By January of 1985, all of Prince’s hard work had paid off, and he ended up being nominated for no less than ten categories at The American Music Awards. The evening would see Prince up against some of the biggest names in the music world, including Michael Jackson, whose 1982 album Thriller had remained in the charts until 1984 and been certified as the best-selling album of all time that same year.
But, on that night, Prince was the king, and he took home the AMAs for favourite pop/rock album, favourite soul/R&B album and favourite soul/R&B single (for ‘When Doves Cry’). Mr Jackson, on the other hand, went home with nothing. However, the highlight of the entire evening was the moment Prince gave what has come to be regarded as one of the most iconic performances in the history of the AMAs. But it had been preceded by a controversial decision that would follow Prince for some time.
Prince took to the stage in one of his classic outfits: a sleek, glass-like green and white suit over his signature white-ruffed shirt. He looked like Louis XVI on a trip to outer space, mesmerising the audience with a blistering rendition of ‘Purple Rain’. It was a performance that showed Prince at the very peak of his game, one that seemed at once effortless and technically flawless. Everything from the harmonies to the guitar work is perfectly honed, leaving room for Prince to push his vocal performance to such levels of passion that he leaves the room stunned. It’s almost impossible to watch and not feel something in yourself unravel.
But after the performance, Prince stayed behind when everyone else was heading over to A&M Studios in Los Angeles. Quincy Jones had invited the likes of Stevie Wonder, Tina Turner, Billy Joel, Paul Simon, Bruce Springsteen, Cyndi Lauper, and Bob Dylan to the studio in order to discuss the ‘We Are The World’ single, one designed to raise money for poverty-stricken families on the African continent. Almost all of the biggest names who had been present at the AMAs had agreed to contribute to the single, but not Prince. It was a seemingly baffling decision, which made him very unpopular. So why did he decide not to contribute?

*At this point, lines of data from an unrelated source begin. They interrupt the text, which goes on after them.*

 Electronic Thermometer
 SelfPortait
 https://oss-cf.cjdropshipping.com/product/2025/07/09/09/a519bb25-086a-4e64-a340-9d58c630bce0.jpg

There are several answers to that question. It could have been down to the fact that Prince was very particular about his studio environment. He’d always recorded alone and likely didn’t feel comfortable with the idea of being surrounded by other artists. He liked to have complete control over his recording – writing, recording and mixing all of his own albums. Handing over that control to someone else must have made Prince feel pretty uneasy.

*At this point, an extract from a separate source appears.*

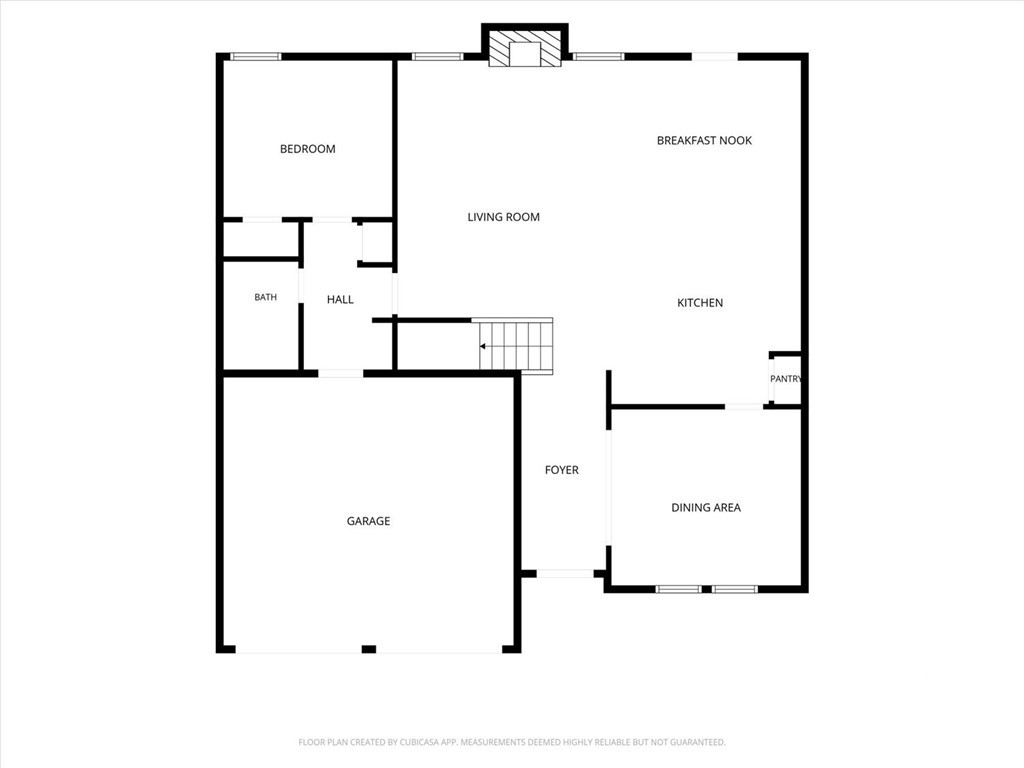 540 Lillian Way Property Photo 35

But the biggest reason behind’s Prince’s controversial decision was much simpler than that. To put it bluntly, he just didn’t think the song was very good. In Let’s Go Crazy: Prince and the Making of Purple Rain, Revolution guitarist Wendy Melvoin, who had joined Prince onstage for his performance at the AMAs, said: “He felt like the song for ‘We Are the World’ was horrible,” going on to add that Prince “didn’t want to be around ‘all those muthafuckas.'”
Whatever the reason was, Prince’s manager was right to believe that the decision would spell bad publicity for the singer. Prior to The American Music Awards, almost everyone knew that Prince had rejected Quincy Jones’ offer, and it made him stick out like a sore thumb.
Prince’s manager was so concerned about the negative press that he started telling people Prince was feeling ill before the AMAs had even concluded. He didn’t want his client being seen as the only artist not to be joining Jones and the rest of the ‘We Are The World’ gang in that silver limousine.
But it wouldn’t make any difference. For years afterwards, Prince was treated with – at best indifference, at worst scorn – by high-profile industry members. But he didn’t bat an eyelid. For Prince, artistic integrity came before all else. And if hanging on to that integrity meant being controversial, well, then Prince was happy to make that sacrifice.